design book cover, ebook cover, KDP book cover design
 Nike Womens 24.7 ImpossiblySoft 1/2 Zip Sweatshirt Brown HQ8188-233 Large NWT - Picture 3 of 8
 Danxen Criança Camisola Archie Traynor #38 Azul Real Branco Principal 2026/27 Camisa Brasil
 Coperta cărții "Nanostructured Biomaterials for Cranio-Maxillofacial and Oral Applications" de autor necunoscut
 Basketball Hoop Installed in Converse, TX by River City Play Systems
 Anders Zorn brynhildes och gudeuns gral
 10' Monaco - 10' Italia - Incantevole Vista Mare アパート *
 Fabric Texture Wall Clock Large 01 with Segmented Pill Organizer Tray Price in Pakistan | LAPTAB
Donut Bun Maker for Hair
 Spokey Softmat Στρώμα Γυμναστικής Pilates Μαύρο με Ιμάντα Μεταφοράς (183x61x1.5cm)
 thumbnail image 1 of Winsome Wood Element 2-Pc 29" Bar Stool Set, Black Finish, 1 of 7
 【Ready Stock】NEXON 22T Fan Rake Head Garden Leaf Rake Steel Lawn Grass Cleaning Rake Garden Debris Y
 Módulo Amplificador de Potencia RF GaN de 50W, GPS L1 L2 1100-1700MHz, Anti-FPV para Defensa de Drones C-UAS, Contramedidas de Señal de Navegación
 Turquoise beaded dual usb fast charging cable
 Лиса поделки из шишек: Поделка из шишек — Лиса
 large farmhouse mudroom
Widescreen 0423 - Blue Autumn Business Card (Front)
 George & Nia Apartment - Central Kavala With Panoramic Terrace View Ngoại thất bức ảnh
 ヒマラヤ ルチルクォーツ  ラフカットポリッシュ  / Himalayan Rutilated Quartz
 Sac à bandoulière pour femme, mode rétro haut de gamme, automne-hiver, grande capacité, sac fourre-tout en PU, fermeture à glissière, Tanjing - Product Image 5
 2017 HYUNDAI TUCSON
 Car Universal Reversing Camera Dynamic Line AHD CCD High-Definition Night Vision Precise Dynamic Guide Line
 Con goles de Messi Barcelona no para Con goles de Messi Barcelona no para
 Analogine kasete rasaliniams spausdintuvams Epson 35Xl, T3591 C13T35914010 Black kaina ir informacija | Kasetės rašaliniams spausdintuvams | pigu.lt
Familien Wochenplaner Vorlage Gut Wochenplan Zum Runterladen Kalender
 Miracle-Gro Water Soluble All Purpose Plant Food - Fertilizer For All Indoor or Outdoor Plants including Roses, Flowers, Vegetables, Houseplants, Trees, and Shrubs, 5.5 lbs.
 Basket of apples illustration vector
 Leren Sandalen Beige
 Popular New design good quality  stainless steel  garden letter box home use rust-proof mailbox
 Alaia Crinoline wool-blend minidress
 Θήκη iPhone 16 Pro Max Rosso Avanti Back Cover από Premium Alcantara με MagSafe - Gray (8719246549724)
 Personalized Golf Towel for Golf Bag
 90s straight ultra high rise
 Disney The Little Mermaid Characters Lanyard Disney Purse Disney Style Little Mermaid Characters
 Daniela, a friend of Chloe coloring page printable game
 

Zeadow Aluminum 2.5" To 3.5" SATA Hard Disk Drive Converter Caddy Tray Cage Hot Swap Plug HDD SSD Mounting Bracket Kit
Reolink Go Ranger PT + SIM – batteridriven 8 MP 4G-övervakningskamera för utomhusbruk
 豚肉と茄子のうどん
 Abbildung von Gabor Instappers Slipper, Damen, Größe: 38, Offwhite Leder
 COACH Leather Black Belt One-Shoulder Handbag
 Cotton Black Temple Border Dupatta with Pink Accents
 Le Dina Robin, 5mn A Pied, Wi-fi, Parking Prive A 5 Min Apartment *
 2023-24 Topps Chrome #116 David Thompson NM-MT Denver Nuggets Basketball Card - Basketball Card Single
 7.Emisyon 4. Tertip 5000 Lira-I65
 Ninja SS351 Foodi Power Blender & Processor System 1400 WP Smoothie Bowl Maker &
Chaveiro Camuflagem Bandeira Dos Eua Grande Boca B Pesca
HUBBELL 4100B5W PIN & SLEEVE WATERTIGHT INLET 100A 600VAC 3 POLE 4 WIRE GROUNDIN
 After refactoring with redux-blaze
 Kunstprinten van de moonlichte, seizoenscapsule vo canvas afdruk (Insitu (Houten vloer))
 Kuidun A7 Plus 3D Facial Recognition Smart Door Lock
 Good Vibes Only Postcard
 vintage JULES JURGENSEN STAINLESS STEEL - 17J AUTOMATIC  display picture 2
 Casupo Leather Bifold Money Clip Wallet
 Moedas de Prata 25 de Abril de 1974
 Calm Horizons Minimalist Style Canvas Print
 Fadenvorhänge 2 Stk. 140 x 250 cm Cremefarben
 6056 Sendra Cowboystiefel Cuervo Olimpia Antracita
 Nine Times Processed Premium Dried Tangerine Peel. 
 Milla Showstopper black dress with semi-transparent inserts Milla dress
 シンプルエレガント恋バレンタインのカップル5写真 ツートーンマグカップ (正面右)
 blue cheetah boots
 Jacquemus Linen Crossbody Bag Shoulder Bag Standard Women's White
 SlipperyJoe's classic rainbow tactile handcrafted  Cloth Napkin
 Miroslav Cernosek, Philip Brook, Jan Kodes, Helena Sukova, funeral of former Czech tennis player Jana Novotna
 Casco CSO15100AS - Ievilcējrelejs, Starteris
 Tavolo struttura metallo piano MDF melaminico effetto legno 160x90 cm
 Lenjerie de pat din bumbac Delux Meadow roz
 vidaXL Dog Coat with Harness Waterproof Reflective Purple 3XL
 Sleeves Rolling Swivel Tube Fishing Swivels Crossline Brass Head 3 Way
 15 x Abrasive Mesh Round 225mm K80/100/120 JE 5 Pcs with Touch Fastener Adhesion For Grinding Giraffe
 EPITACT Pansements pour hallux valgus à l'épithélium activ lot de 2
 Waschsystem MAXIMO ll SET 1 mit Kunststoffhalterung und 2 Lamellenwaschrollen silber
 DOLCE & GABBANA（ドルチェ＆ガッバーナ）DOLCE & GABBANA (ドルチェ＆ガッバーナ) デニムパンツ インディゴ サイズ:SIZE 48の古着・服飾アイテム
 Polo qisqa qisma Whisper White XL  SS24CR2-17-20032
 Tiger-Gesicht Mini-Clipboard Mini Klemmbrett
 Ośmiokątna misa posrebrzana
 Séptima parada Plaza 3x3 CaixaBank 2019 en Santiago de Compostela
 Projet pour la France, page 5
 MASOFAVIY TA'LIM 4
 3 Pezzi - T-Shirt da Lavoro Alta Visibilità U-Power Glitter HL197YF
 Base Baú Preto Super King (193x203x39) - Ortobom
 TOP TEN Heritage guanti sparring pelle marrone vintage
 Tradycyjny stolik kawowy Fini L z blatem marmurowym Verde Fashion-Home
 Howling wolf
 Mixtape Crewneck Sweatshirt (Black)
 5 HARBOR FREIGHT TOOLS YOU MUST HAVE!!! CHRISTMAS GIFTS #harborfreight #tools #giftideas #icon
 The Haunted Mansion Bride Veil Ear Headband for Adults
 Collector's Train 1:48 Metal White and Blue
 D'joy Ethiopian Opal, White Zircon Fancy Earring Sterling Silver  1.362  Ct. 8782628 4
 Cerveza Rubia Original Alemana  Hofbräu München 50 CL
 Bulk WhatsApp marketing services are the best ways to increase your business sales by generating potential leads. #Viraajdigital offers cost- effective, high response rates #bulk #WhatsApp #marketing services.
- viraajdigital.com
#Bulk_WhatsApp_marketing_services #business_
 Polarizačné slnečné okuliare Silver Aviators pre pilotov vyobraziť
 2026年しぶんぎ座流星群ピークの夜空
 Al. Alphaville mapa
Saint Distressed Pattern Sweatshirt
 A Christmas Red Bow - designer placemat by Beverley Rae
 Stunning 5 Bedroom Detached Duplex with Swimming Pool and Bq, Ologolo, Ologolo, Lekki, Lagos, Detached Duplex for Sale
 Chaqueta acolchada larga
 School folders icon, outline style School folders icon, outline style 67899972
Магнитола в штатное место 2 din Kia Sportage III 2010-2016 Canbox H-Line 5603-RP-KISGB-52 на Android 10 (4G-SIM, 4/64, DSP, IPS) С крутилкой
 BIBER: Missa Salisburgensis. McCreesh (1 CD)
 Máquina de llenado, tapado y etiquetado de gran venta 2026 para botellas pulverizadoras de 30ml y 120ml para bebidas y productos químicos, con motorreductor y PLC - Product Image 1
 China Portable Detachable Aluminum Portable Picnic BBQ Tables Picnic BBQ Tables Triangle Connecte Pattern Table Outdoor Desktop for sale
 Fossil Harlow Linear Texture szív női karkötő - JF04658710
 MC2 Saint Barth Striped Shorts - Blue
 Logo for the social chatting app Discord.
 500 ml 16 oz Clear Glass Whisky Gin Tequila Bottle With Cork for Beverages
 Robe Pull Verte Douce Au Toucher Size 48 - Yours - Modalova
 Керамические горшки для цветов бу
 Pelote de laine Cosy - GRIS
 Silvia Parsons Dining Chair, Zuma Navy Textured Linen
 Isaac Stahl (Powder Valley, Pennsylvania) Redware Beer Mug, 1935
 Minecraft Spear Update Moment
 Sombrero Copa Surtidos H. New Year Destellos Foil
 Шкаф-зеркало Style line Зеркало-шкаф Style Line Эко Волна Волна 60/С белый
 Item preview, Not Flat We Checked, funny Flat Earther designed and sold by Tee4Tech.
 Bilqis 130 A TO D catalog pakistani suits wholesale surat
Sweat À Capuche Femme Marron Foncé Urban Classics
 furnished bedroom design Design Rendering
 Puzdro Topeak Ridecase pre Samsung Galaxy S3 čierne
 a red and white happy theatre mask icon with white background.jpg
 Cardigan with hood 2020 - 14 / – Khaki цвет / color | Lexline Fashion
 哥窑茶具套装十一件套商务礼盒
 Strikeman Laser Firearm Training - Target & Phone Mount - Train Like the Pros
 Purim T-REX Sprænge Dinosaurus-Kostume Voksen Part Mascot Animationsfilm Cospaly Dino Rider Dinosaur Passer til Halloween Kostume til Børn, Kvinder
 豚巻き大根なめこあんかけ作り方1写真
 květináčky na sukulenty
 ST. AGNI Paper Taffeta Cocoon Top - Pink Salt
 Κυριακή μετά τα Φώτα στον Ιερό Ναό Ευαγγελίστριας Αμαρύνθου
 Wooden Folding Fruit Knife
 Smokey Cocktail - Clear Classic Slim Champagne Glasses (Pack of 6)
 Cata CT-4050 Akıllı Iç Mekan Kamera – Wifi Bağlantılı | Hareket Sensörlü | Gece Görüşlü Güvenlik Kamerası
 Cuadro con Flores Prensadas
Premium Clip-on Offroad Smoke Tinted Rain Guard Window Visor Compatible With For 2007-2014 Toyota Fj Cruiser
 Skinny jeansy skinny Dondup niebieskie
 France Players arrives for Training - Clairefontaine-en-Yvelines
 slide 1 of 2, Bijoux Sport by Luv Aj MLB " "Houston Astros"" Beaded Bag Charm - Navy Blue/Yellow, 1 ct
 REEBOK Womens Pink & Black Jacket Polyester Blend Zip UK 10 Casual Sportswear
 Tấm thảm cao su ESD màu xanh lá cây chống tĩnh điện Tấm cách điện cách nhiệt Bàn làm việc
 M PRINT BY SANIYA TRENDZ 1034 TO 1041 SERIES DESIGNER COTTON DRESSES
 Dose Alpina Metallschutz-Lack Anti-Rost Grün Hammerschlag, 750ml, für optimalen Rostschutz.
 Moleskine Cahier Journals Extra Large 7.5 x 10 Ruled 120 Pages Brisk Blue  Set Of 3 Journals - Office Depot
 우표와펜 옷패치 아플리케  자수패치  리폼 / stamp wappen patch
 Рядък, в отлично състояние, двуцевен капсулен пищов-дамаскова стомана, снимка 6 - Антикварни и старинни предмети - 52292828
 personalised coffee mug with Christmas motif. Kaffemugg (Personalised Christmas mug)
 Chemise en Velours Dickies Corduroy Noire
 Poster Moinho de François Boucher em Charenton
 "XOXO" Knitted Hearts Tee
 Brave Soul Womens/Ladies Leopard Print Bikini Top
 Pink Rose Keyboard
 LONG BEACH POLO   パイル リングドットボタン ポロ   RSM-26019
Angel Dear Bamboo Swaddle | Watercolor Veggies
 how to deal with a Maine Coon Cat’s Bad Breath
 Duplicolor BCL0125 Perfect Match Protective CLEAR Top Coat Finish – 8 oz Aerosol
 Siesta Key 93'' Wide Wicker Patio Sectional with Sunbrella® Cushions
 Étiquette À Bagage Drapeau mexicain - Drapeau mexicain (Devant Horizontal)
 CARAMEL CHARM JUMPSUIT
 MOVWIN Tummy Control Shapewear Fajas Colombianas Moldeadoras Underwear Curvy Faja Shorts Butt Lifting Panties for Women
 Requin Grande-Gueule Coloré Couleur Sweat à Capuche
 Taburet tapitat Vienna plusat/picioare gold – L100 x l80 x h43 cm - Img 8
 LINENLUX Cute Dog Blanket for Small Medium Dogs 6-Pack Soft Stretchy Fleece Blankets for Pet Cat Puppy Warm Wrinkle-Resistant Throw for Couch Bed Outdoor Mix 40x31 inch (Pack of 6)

§ **Exercise requirements**: Retype the first line of the entries and every line after it, please, through the line that contains "de autor necunoscut". Add nothing.

§ **Exercise solution**:
design book cover, ebook cover, KDP book cover design
 Nike Womens 24.7 ImpossiblySoft 1/2 Zip Sweatshirt Brown HQ8188-233 Large NWT - Picture 3 of 8
 Danxen Criança Camisola Archie Traynor #38 Azul Real Branco Principal 2026/27 Camisa Brasil
 Coperta cărții "Nanostructured Biomaterials for Cranio-Maxillofacial and Oral Applications" de autor necunoscut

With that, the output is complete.